### Dataset records

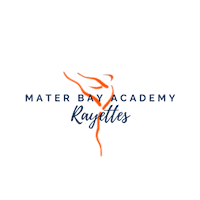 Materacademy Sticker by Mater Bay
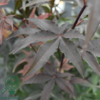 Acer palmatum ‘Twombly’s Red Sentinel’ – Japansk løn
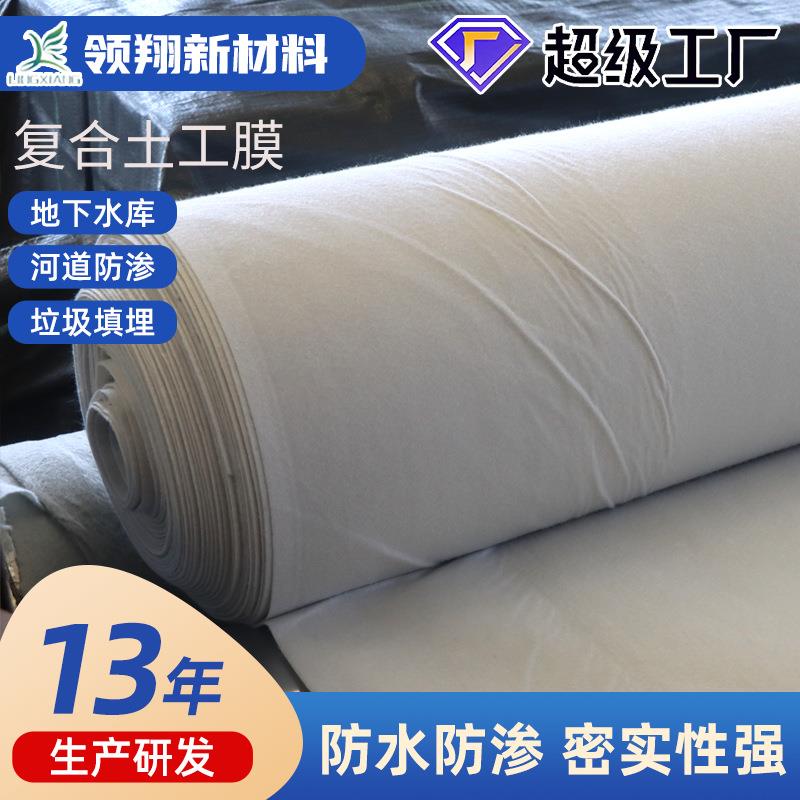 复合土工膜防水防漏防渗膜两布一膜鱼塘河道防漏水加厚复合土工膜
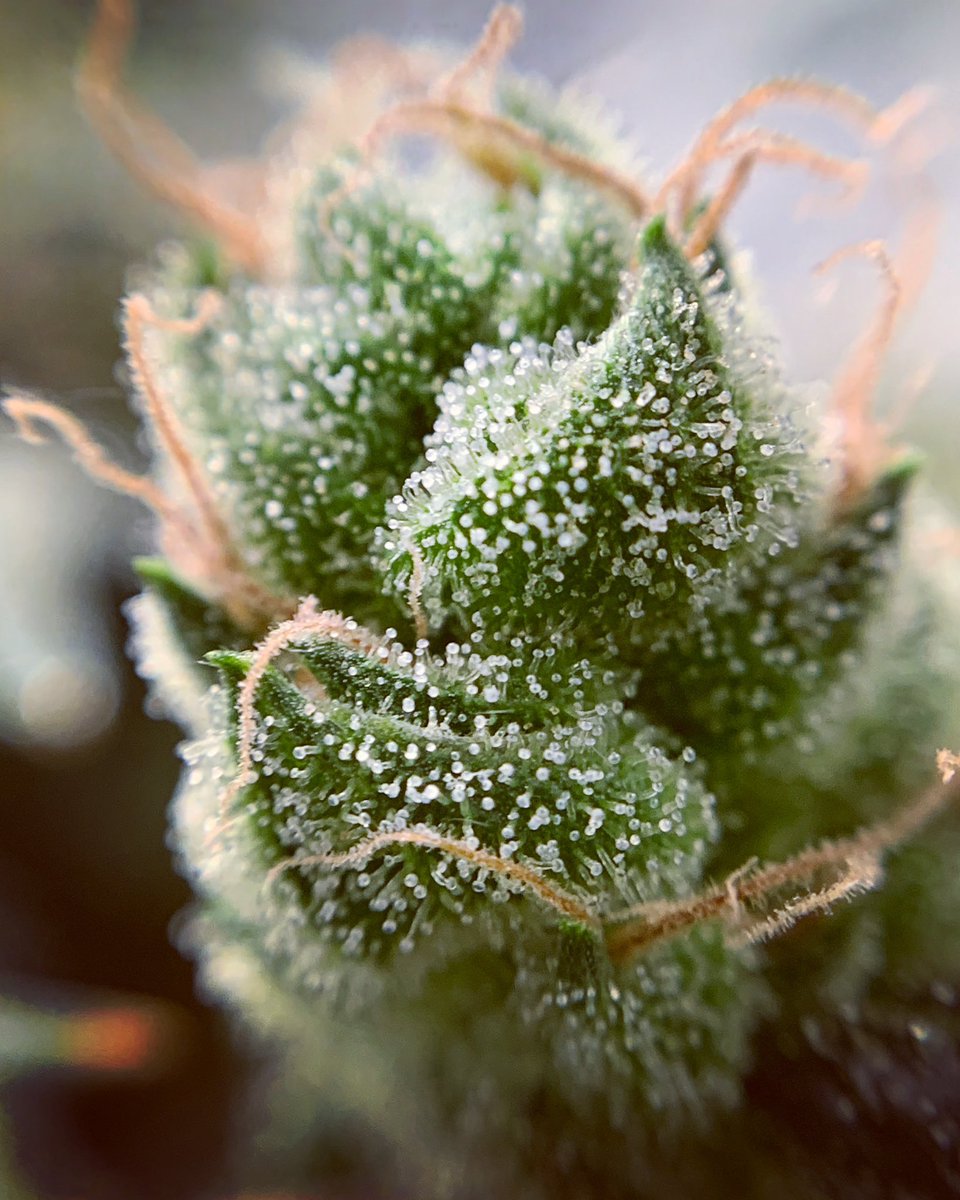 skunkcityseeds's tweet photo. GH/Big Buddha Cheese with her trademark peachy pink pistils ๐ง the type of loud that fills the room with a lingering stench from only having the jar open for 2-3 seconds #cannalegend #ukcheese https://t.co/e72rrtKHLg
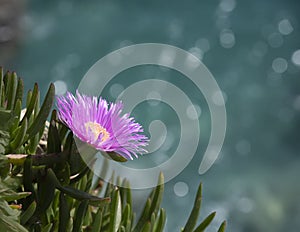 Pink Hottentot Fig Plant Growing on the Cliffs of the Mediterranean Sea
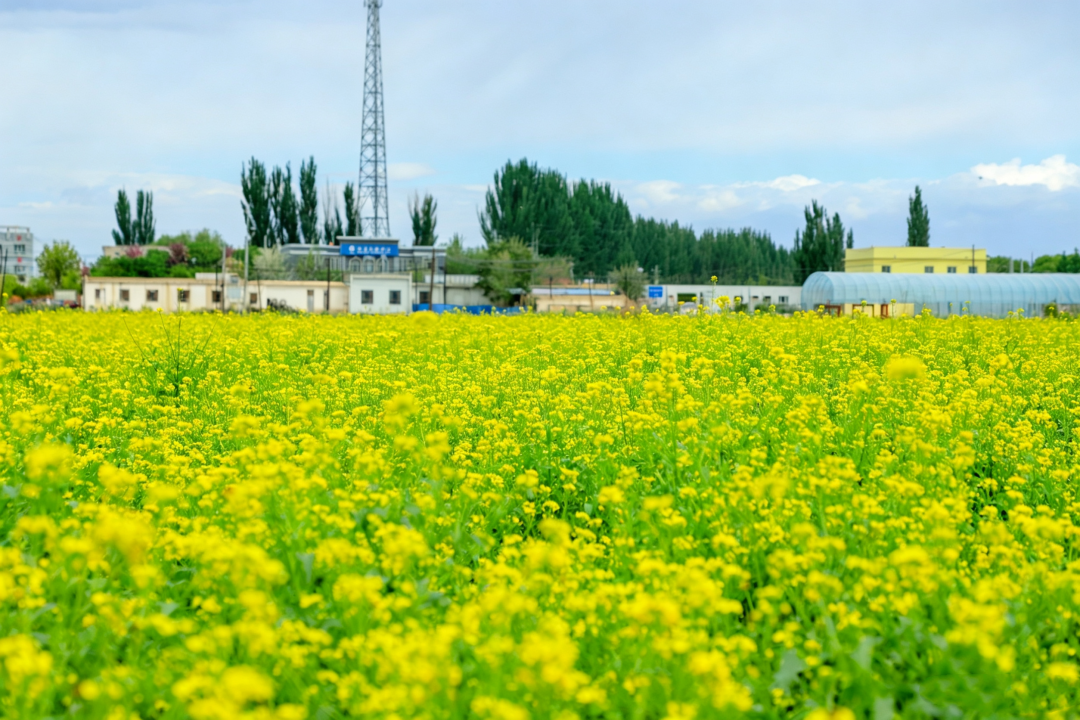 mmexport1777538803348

### What you have to do
A verbatim copy of the records is needed, with all images omitted.

### Expected answer
 Materacademy Sticker by Mater Bay
 Acer palmatum ‘Twombly’s Red Sentinel’ – Japansk løn
 复合土工膜防水防漏防渗膜两布一膜鱼塘河道防漏水加厚复合土工膜
 skunkcityseeds's tweet photo. GH/Big Buddha Cheese with her trademark peachy pink pistils ๐ง the type of loud that fills the room with a lingering stench from only having the jar open for 2-3 seconds #cannalegend #ukcheese https://t.co/e72rrtKHLg
 Pink Hottentot Fig Plant Growing on the Cliffs of the Mediterranean Sea
 mmexport1777538803348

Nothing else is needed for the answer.